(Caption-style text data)

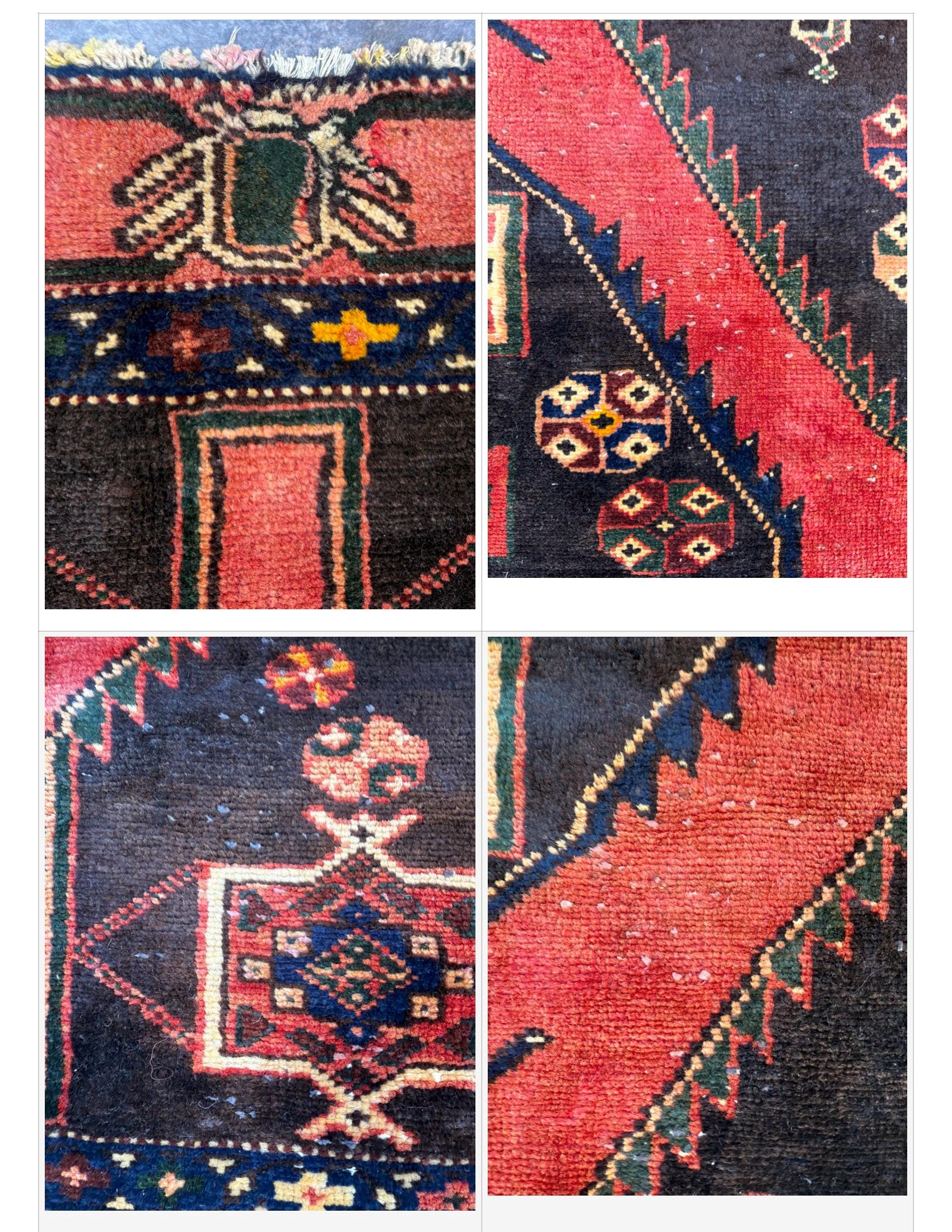 4x6 ft. Vintage Tribal Wool Rug: Hand-Knotted Geometric Village Anatolian Carpet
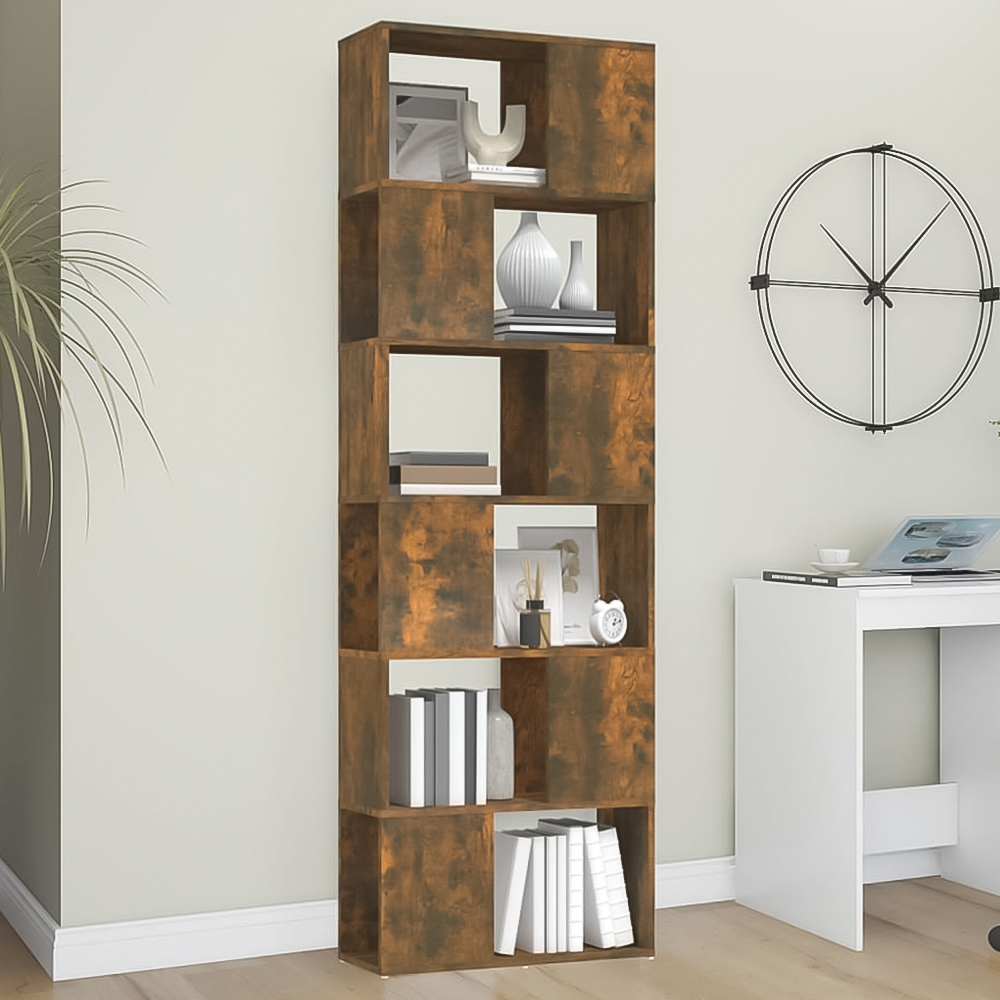 vidaXL 6 Shelf Smoked Oak Bookcase Image 1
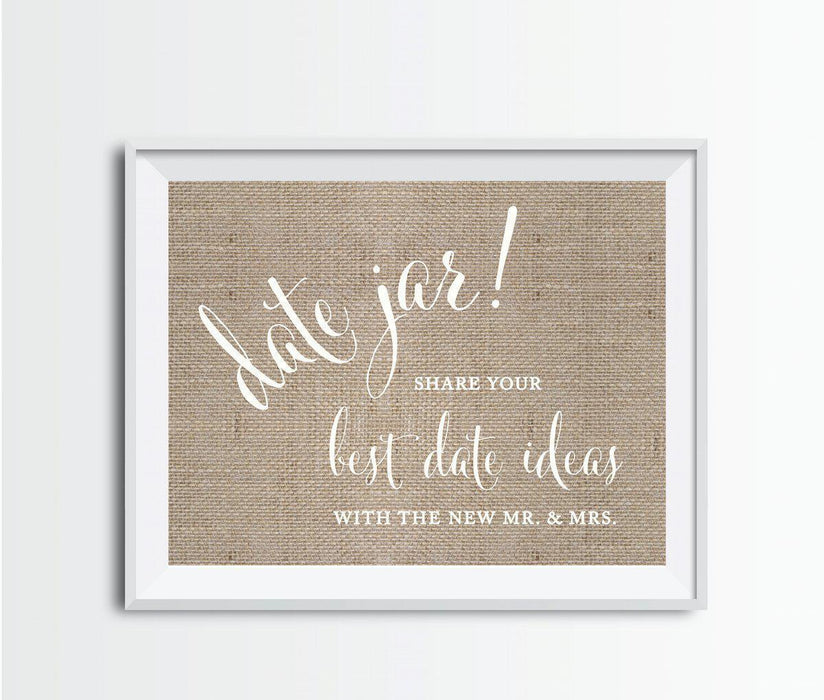 Andaz Press 8.5 x 11 Burlap Wedding Party Signs-Set of 1-Andaz Press-Mr. & Mrs.-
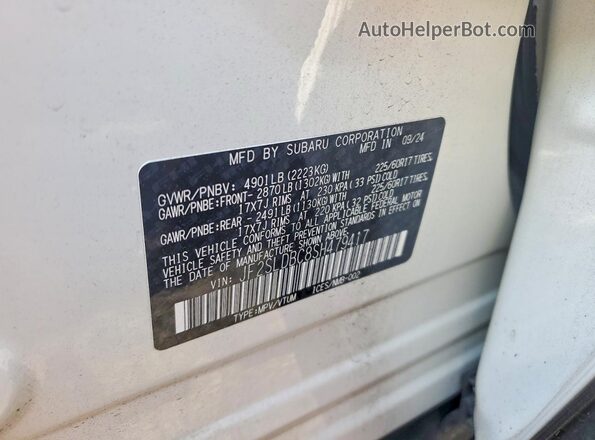 JF2SLDBC8SH479417 2025 SUBARU FORESTER White VIN sticker view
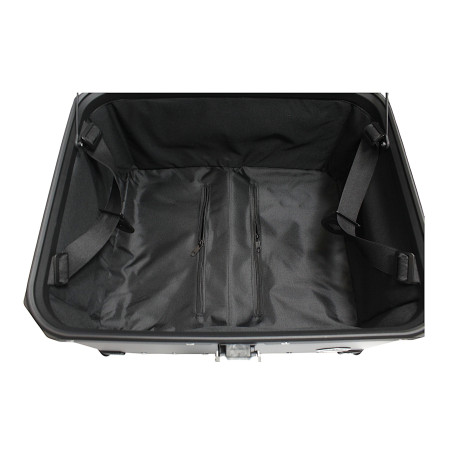 COOCASE 55L Aluminum Center Luggage with Backrest, Black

(Exercise brief)
Exact lines, nothing more: output the one with "vidaXL 6 Shelf Smoked Oak Bookcase Image 1" and every later line through the end of the data, skipping pictures.

(The answer)
 vidaXL 6 Shelf Smoked Oak Bookcase Image 1
 Andaz Press 8.5 x 11 Burlap Wedding Party Signs-Set of 1-Andaz Press-Mr. & Mrs.-
 JF2SLDBC8SH479417 2025 SUBARU FORESTER White VIN sticker view
 COOCASE 55L Aluminum Center Luggage with Backrest, Black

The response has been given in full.